What cities will look like tomorrow greatly depends on what today’s urban leaders, planners, businesses—and of course, residents—are looking for today.
Understanding tech for tomorrow’s city begins with grasping today’s outstanding challenges. A Juniper Research report written in conjunction with Intel contends that creating a more intelligent city begins with self-awareness in areas from air pollution and traffic congestion to overcrowding and pockets of inequality. “Smart cities are those that recognize these challenges and adopt their planning and strategy to address them,” the report states.
Here are three areas where rapid advancements in IoT technology are already beginning to shape the cities of tomorrow, and how residents benefit from (and participate in) those substantial improvements.
1. Computer vision: With computer vision, cameras and other visual sensors capture raw video as data and process it into useful, actionable information. In smart cities, improved computer vision will give rise to enhanced quality of services, improved public safety, reduced congestion, and new levels of efficiency. One example of computer vision in action involves smart streetlights. Outfitted with this technology, they can reduce brightness when they detect no people or vehicles present (saving energy); monitor nearby parking to enable drivers to quickly find the nearest vacant space; or monitor pedestrian and vehicle traffic flows to optimize traffic and crosswalk signals. In terms of public safety, computer vision-enabled streetlights can send alerts on dangerous potholes or blocked storm drains.
2. Edge computing. An easy way to understand edge computing is to think of the phrase “where the action is.” Rather than relay information back to a central hub, cloud or data center mainframe, edge computing processes and analyzes data right at the source of where it’s collected.
So instead of a device or sensor sending its data over the internet, it can process this data itself—essentially becoming its own mini data center. And edge computing is strongly on the rise for one big reason: An IoT data deluge results when adding more devices to a smart cities network.

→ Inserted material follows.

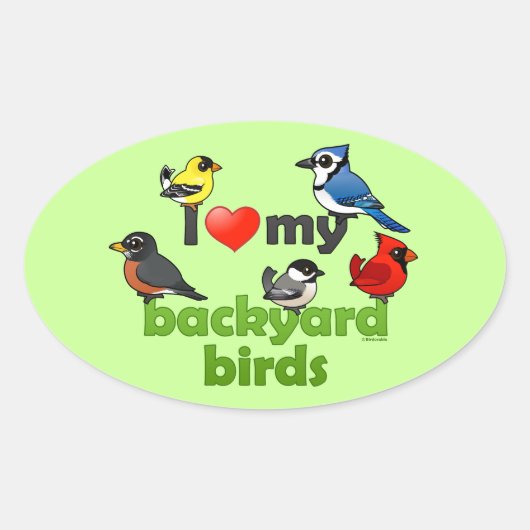 Ich Liebe meine Hinterhofvögel Ovaler Aufkleber (Vorderseite)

Smart buildings represent a prominent example of edge computing in action. As people occupy or crowd one part of a building, for example, sensors pick up this activity and via edge computing, can adjust lighting and climate control to optimize your comfort and visibility—while using far less energy on unoccupied floors. The result: smarter green buildings that react to our daily usage.
Edge computing (along with the emergence of powerful 5G data networks), will also play a major role in enabling driverless cars. Vehicles such as Google’s Waymo produce 1 GB of data per second. And sending that kind of data somewhere else for processing poses all sorts of problems, the biggest of which is latency—that is, a delay between when the data is generated in real time, and when it is processed. And when it comes to a car driving itself, even a few seconds of latency is, if you will, a non-starter.
3. Data analysis. To understand how smart cities perform their daily miracles, consider this: the city environment captures data at many levels and in real time. That’s possible because sensors, cameras, kiosks and nodes, along with radio-frequency identification (RFID) and Bluetooth devices, constantly relay information that is translated into data. While some of that is environmental (temperature, climate, air quality), people share their activity constantly in terms of how they move, congregate, consume and much more. That data then becomes a living, breathing part of the city, which can adjust itself (think of traffic management) based on non-stop data analysis.
An example of what’s possible with statistical analysis is the South Korean city of Songdo, informally known as a “city in the box” because it’s been built from the ground up as a smart city. Sitting on 1,500 acres of reclaimed land, Songdo measures and adjusts traffic patterns thanks to RFID tags on all its cars. Every inch of the town is wired in fiber-optic cable; climate, energy consumption, leisure activities and water consumption are monitored via data. Even small children generate big data: They wear bracelets with sensors that make it easy to locate them if they get lost. The benefits of all this measurement is clear: In Songdo, traffic moves better, less energy is consumed, senior citizens can be monitored for health issues, and wayward kids are reunited with their parents long before any panic sets in.
The law of far above average
To get an idea of how IoT technology for cities will leap ahead in the next few years, consider this analogy by way of the now ubiquitous iPhone. When unveiled in 2007, it had what was then considered a fairly monstrous storage capacity: 4 GB. The new XS model unveiled in September 2018? It holds up to 512 GB, 128 times more than the original.
Likewise smart city technology falls in line with Moore’s Law, Intel co-founder Gordon Moore’s prediction that overall processing power will double every two years. Blink today and you’ll miss it all unfolding and exploding: Intel’s 72-core Xeon Phi has 8 billion transistors; it was only a decade earlier that the 1 billion mark was smashed.
The Internet of Things—the foundation on which smart cities are built—needs this kind of firepower as urban areas move from static to dynamic spaces that continuously monitor and update themselves.
Smart city tech can do some amazing things today, such as choreograph traffic signals in tune with traffic and organize waste management through intelligent cans equipped with sensors. But it’s highly likely we’ll look back ten years from now with some amusement. When you think about it, those first iPhones now make much better paperweights than mobile devices—though in the smart cities of the next generation, perhaps even paper will be a thing of the past.